September 20, 2024

Yusuf Jamal El-Din | CNBC

The Egyptian central bank raised interest rates by 600 points and devalued the currency, with the Egyptian pound hitting a record low against the US dollar on Wednesday.

The steps are intended to facilitate an agreement with the International Monetary Fund, which is expected to confirm an extension of its current $3 billion financial support program for Egypt.

According to LSEG data, after the news was announced, the Egyptian pound rose to around 50 against the US dollar from around 30.85 previously. The country’s key interest rate is currently 27.25%. The central bank said on Wednesday.

James Swanston, Middle East and North Africa economist at London-based Capital Economics, wrote in a report that the development “suggests policymakers are committed to a return to economic orthodoxy. This is likely to continue in the coming months.” To pave the way for an agreement with the International Monetary Fund within hours”. A research note.

“This appears to be a positive step for Egypt on its path out of the current crisis,” he wrote.

Egypt, the Arab world’s most populous country with about 110 million people, is facing a chronic shortage of foreign currency. The move signals confidence that hard currency inflows are coming, especially the $35 billion investment deal signed last month with the United Arab Emirates and expectations of a further support deal with the International Monetary Fund.

“The domestic economy has recently been weighed down by a shortage of foreign currency, which has led to the existence of a parallel exchange rate market and restricted economic growth,” Egypt’s central bank said in a statement after a special monetary policy committee meeting on Wednesday.

Cairo has previously pledged to allow its currency to trade more freely but still stepped in to rein in the pound when it fell.

“The measures announced are part of a comprehensive set of economic reforms coordinated with the government and have the strong support of multilateral and bilateral partners,” the central bank said. “To prepare for the successful implementation of these measures, sufficient funds have been made available to utilize FX Liquidity.”

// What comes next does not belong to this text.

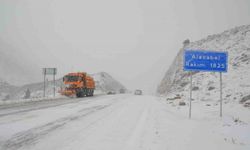 Antalya- Konya karayolunda kar yağışı durdu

Analysts at S&P Global Market Intelligence expect further tightening of monetary policy in 2024 to combat inflation and offset price increases from a weak pound in Egypt. They predict inflation will reach about 30.3% this year, slightly lower than 33.9% in 2023. They expect inflation to fall into the teens by 2025 but only reach single digits by 2027.

Egypt’s Monetary Policy Committee said in comments that it “believes that this tightening policy brings monetary policy to a level that is sufficiently restrictive to anchor inflation expectations and will be maintained for the necessary period of time to achieve the expected deflation process.”